Credential lifecycle failures turn temporary access into persistent exposure. Once a token, API key, or certificate outlives the task it was issued for, every downstream system that trusts it becomes part of the blast radius. That is why lifecycle discipline is central to NHI governance, not an optional hygiene step.

NHIMG research shows the scale of the problem: 91% of former employee tokens remain active after offboarding, according to The 2025 State of NHIs and Secrets in Cybersecurity from Entro Security. That statistic highlights how often revocation fails when ownership is unclear or automation is missing. The same report also reinforces the need for better lifecycle control across secret duplication, vault onboarding, and overused identities.

Lifecycle mistakes are especially dangerous for AI Agent and service-account access because compromise can happen quickly once a credential leaks. Attackers attempt access within minutes when exposed AWS credentials appear online, which makes delayed rotation a direct business risk. Teams that study the Guide to NHI Rotation Challenges and Ultimate Guide to NHIs — Lifecycle Processes for Managing NHIs can see how expiration, renewal, and revocation must be engineered together. Organisations typically encounter credential lifecycle urgency only after a token is discovered in a repo or chat thread, at which point revocation becomes operationally unavoidable.

Standards & Framework Alignment

This section maps relevant standards and security frameworks to the operational risks and controls described in this guidance.

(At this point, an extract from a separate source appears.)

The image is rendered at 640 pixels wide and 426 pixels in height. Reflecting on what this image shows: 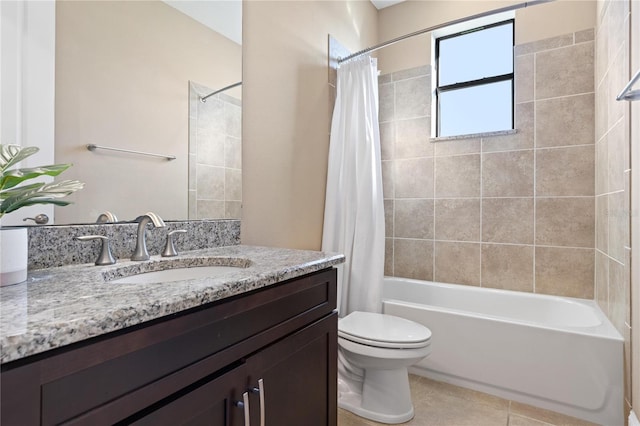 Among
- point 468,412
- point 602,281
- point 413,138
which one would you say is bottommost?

OWASP Non-Human Identity Top 10 address the attack and risk surface, while NIST SP 800-63 and NIST CSF 2.0 set the governance and control requirements practitioners need to meet.

Framework Control / Reference Relevance
OWASP Non-Human Identity Top 10 NHI-02 Addresses improper secret handling, rotation, and revocation for NHIs.
NIST SP 800-63 AAL2 Sets assurance expectations that inform credential strength and lifecycle handling.
NIST CSF 2.0 PR.AC-4 Least-privilege access control depends on timely credential expiration and removal.

Align NHI credential issuance and replacement with required assurance and revocation practices.